Ask at the talk page for the explain xkcd entry, and somebody there might be willing to tackle that for you.

There’s a step-by-step table on the explainxkcd wiki.

It really depends on what you mean by “proper error propagation”.

I’ll have to work it out myself. :stuck_out_tongue:

I’m thinking of something like the variance of the initial 17 mph is (\pm 0.5 mph)^2. Then the variance of the next step, 8 m/s is (\pm 0.5 mph)^2 + (\pm 0.5 m/s)^2. And so on…

Eliding the math…

Value Error Length Unit Time Unit
17.0 0.5 mile / hour
8.0 0.5 meter / second
16.0 1.2 nautical mile / hour
5.0 0.6 fathom / second
3.0 0.6 furlong / minute
6.0 1.2 fathom / second
40.0 7.9 kilometer / hour
22.0 4.3 nautical mile / hour
41.0 8.0 kilometer / hour
204.0 39.8 furlong / hour
26.0 5.0 mile / hour
12.0 2.3 meter / second
4.0 0.8 furlong / minute
15.0 3.1 yard / second
8.0 1.7 fathom / second
15.0 3.1 meter / second
34.0 6.9 mile / hour
5.0 1.0 furlong / minute
33.0 6.8 nautical mile / hour
19.0 3.9 yard / second
10.0 2.0 fathom / second
36.0 7.1 nautical mile / hour
6.0 1.2 furlong / minute
45.0 9.0 mile / hour

Hmm, it seems the error is not normal. :wink:

I feel like I’ve already seen a very similar XKCD…

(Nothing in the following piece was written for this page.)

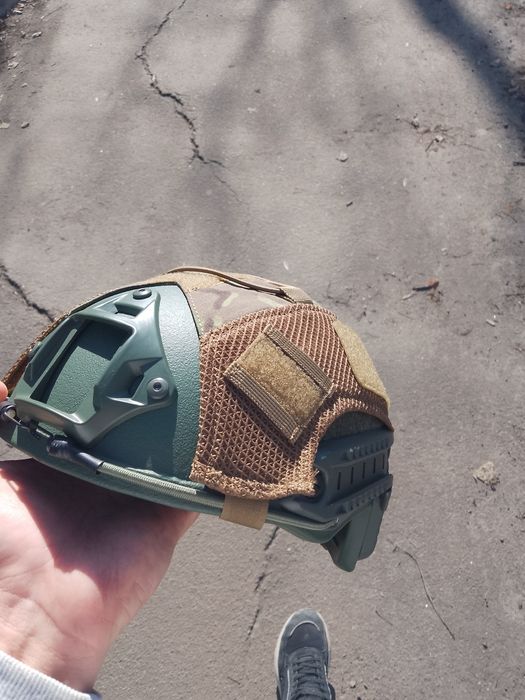 Каска FAST III  нова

It felt familiar to me, too, but I couldn’t find one. He used to sell a T-shirt with all the different things that Greek letters could represent - maybe that’s what we’re thinking of? His store seems to be closed right now, though.

This one, right? Only last year:

Yup, that’s the one I was thinking of.

I once graded for a class, where one student liked to use Cyrillic letters for his auxiliary variables. OK, fine, you can use whatever you want for auxiliary variables, and it made it unlikely that he’d accidentally collide with any letters already in the problem… except that he liked to use both Ш and Щ, and it took me a while to realize those were two different letters.

Oh, and…

Really, they look nothing alike. ш and т, on the other hand…
(soon you wind up with http://i.imgur.com/DdSNkI3.jpg )

Some of us would create our own symbols. :evil:

I am totally down for a Sporcle geography tournament. I’m very good at “Countries of the World”. My personal best is 195 out of 197.